1

i'm just a begginer in perl, and very urgently need to prepare a small script that takes top 3 things from an xml file and puts them in a new one. Here's an example of an xml file:

 <article> {lot of other stuff here} </article> <article> {lot of other stuff here} </article> <article> {lot of other stuff here} </article> <article> {lot of other stuff here} </article> 

What i'd like to do is to get first 3 items along with all the tags in between and put it into another file. Thanks for all the help in advance regards peter

2

2 Answers 2

12

Never ever use Regex to handle markup languages.

The original version of this answer (see below) used XML::XPath. Grant McLean said in the comments:

XML::XPath is an old and unmaintained module. XML::LibXML is a modern, maintained module with an almost identical API and it's faster too.

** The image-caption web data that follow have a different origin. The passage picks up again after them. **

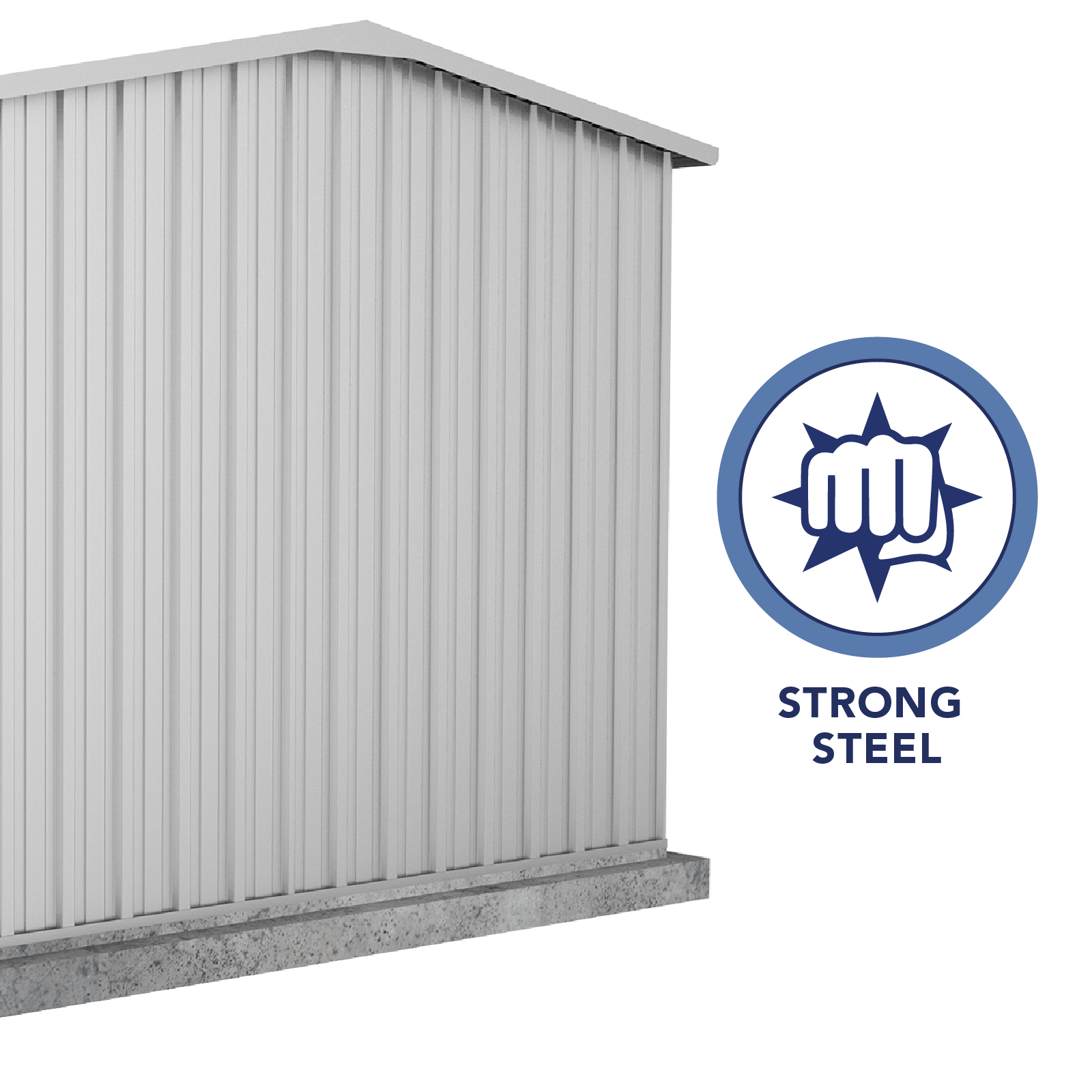 4.48mW x 2.26mD x 2.00mH Garden Shed Workshop Double Door Zincalume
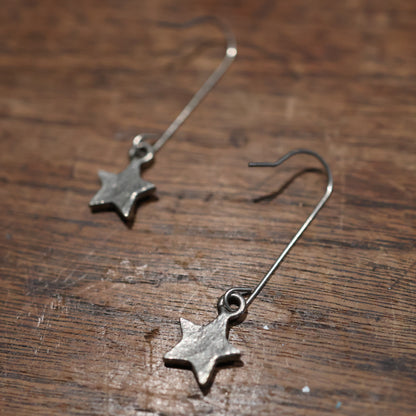 Vintage Silver Star Face Earrings
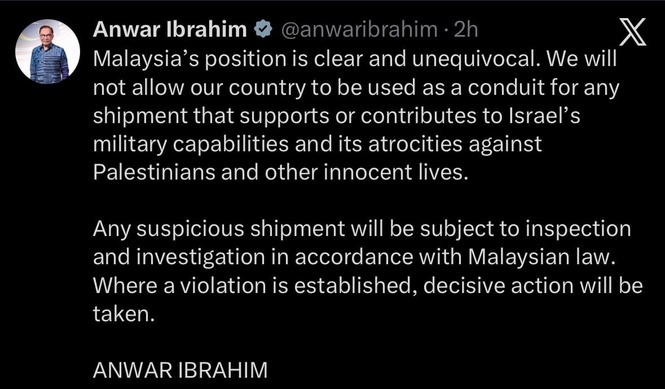 Image from: Pendirian tegas! Malaysia tak akan jadi laluan transit kargo ketenteraan Israel -PM Anwar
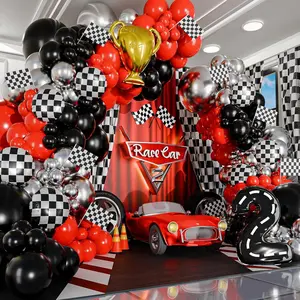 [New] 200 Pieces All-in-One Racing Balloon Arch Kit Trophy Number 2 Grid Aluminum Film Balloons Birthday Party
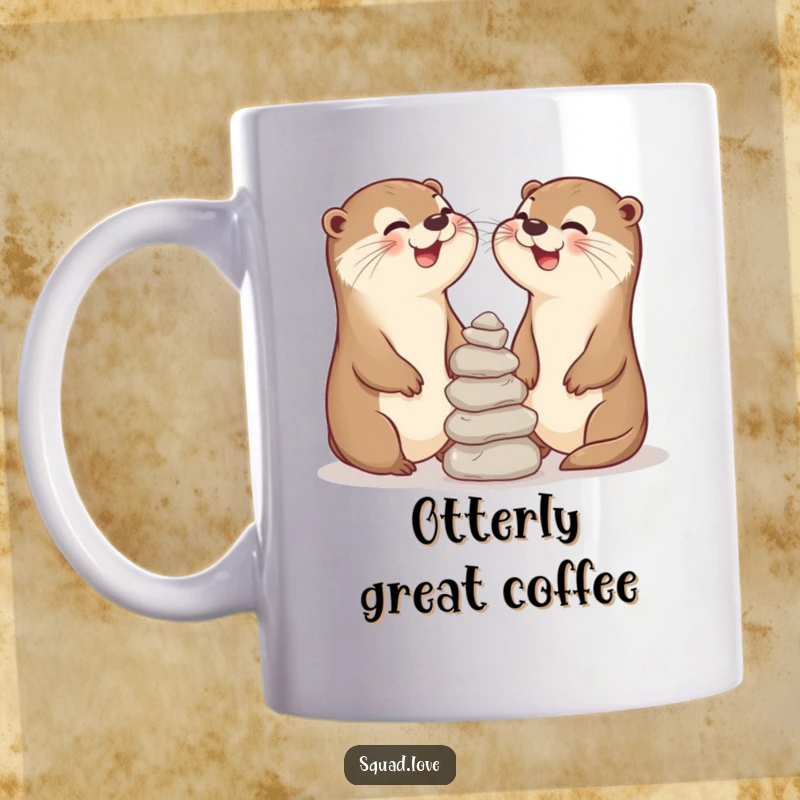 Funny mug with two happy otter friends laughing heartily while expertly balancing stones, showcasing friendship and playful fun.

so I made a new version that uses XML::LibXML (thanks, Grant):

use warnings; use strict; use XML::LibXML; my $doc = XML::LibXML->load_xml(location => 'articles.xml'); my $xp = XML::LibXML::XPathContext->new($doc->documentElement); my $xpath = '/articles/article[position() < 4]'; foreach my $article ( $xp->findnodes($xpath) ) { # now do something with $article print $article.": ".$article->getName."\n"; } 

For me this prints:

 XML::LibXML::Element=SCALAR(0x346ef90): article XML::LibXML::Element=SCALAR(0x346ef30): article XML::LibXML::Element=SCALAR(0x346efa8): article 

Links to the relevant documentation:


Original version of the answer, based on the XML::XPath package:

use warnings; use strict; use XML::XPath; my $xp = XML::XPath->new(filename => 'articles.xml'); my $xpath = '/articles/article[position() < 4]'; foreach my $article ( $xp->findnodes($xpath)->get_nodelist ) { # now do something with $article print $article.": ".$article->getName ."\n"; } 

which prints this for me:

 XML::XPath::Node::Element=REF(0x38067b8): article XML::XPath::Node::Element=REF(0x38097e8): article XML::XPath::Node::Element=REF(0x3809ae8): article 

Have a look at the docs to find out what you can do with them.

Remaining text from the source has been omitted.